AIM OF THE TASK — Every line in the records below between the one holding "Charter Yacht SNAPDRAGON" and the one holding "elevator in Phoenix Palace Hotel Hanoi", inclusive, is to be set down exactly; all other lines are to be left out.

DATA —
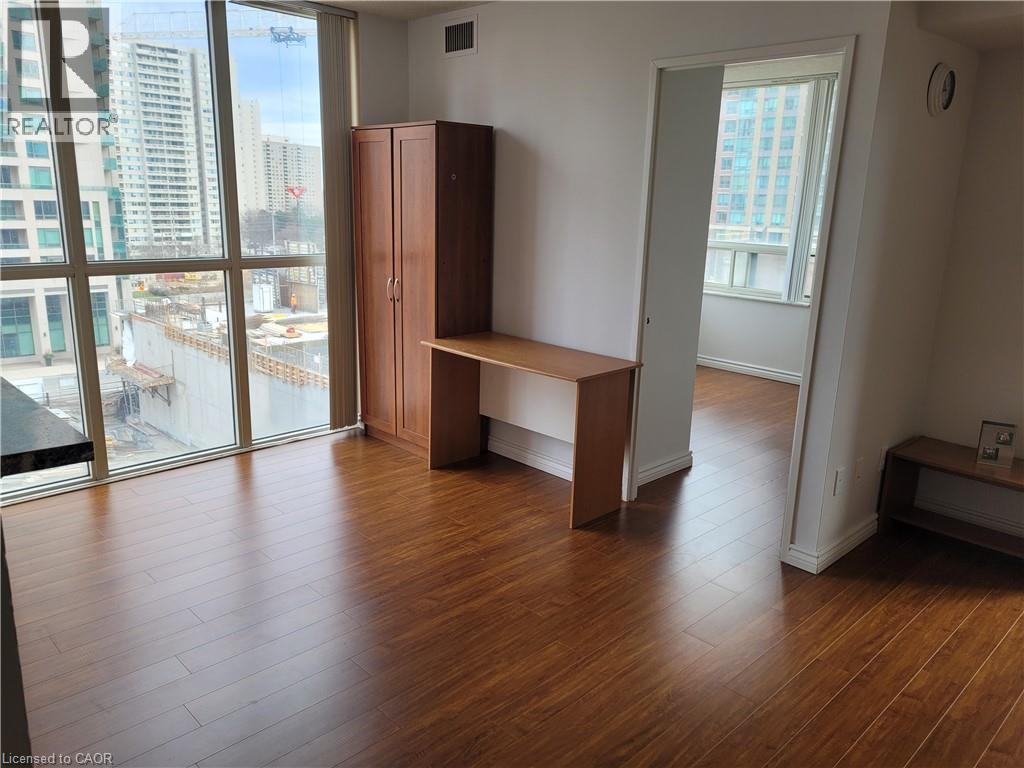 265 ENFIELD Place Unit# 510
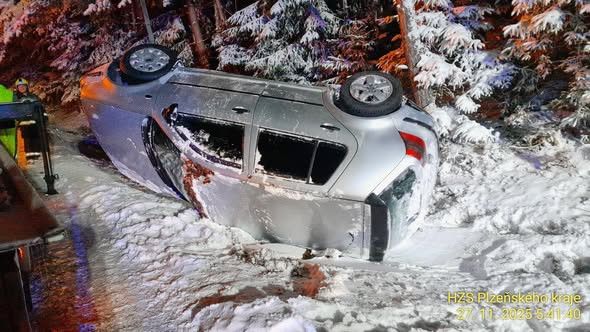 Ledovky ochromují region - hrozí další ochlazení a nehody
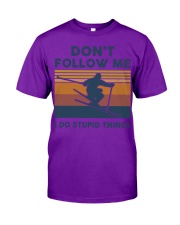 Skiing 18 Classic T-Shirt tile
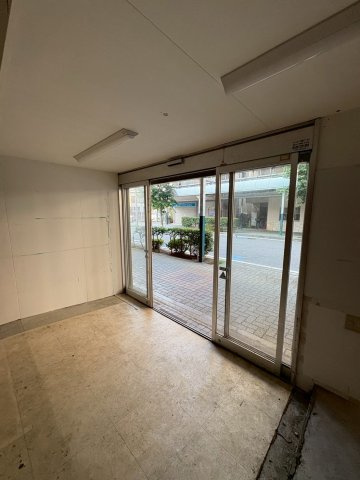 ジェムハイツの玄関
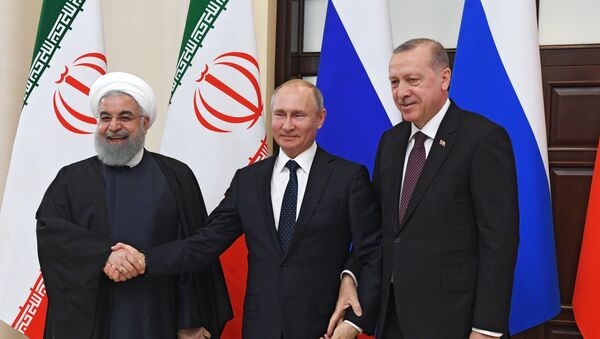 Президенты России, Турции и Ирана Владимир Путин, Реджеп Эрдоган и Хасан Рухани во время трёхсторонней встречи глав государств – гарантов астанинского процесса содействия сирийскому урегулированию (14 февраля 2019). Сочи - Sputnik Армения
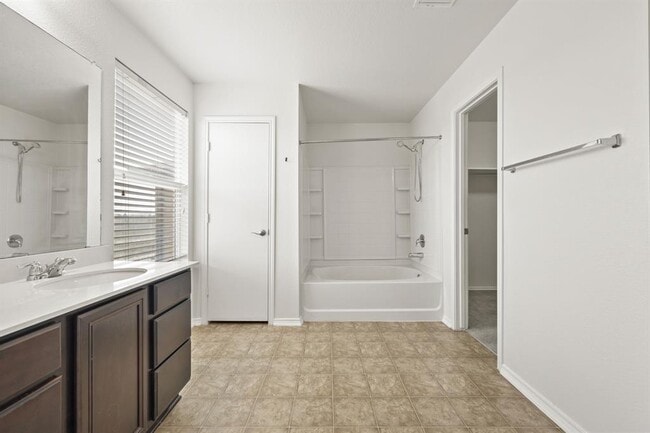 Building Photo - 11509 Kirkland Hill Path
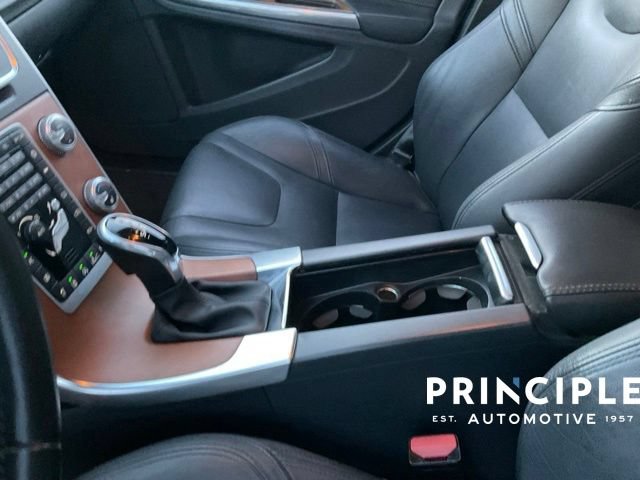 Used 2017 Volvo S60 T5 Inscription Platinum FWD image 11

==

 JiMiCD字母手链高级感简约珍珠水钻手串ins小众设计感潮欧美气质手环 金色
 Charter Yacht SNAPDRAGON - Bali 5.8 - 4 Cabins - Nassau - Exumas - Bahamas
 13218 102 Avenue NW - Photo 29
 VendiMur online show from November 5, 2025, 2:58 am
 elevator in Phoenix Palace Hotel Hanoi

---

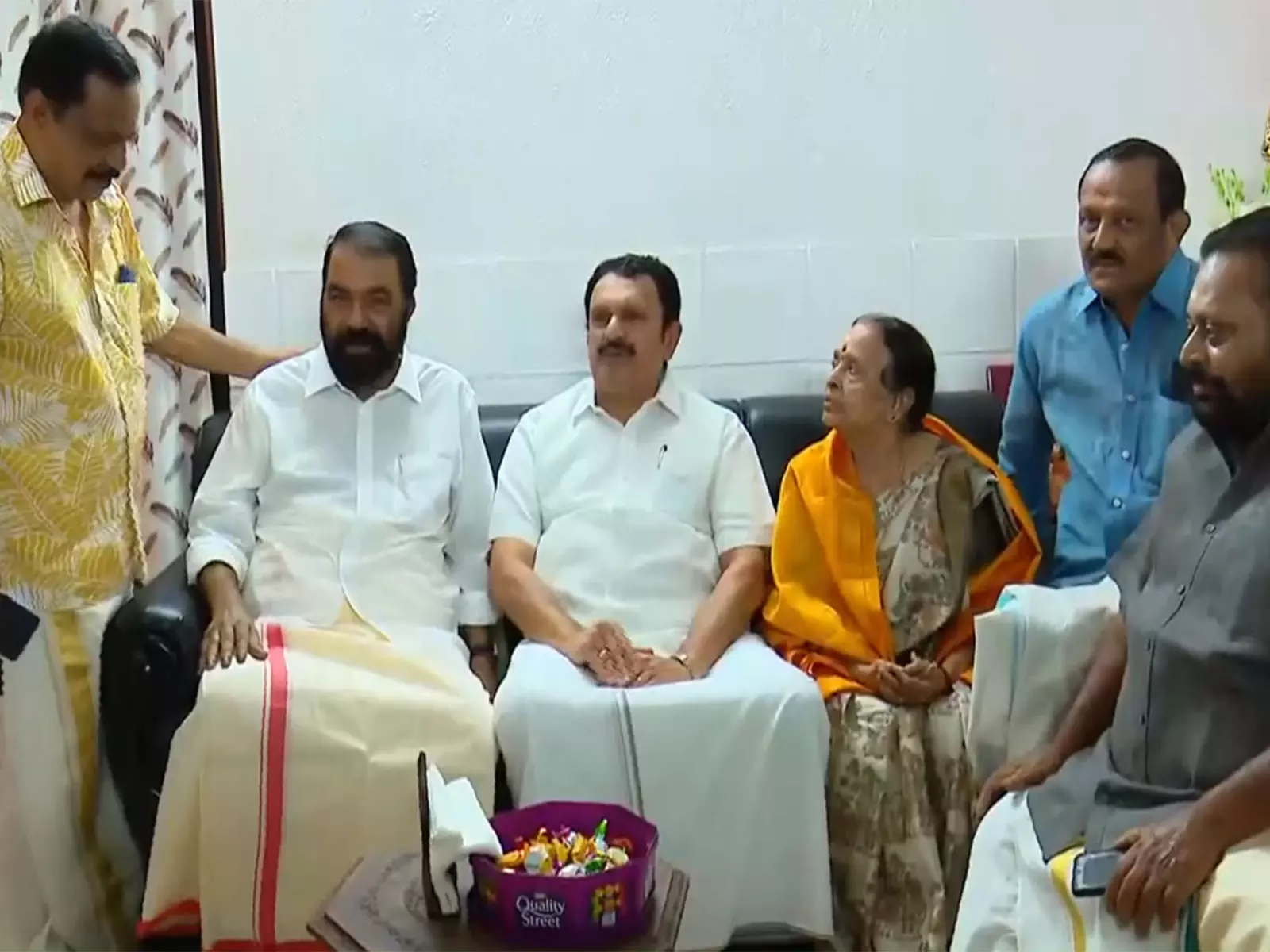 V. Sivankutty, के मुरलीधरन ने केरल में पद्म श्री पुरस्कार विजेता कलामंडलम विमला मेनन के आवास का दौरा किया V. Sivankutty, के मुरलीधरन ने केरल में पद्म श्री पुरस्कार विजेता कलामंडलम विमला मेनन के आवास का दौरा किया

EXERCISE RESULT —
 Charter Yacht SNAPDRAGON - Bali 5.8 - 4 Cabins - Nassau - Exumas - Bahamas
 13218 102 Avenue NW - Photo 29
 VendiMur online show from November 5, 2025, 2:58 am
 elevator in Phoenix Palace Hotel Hanoi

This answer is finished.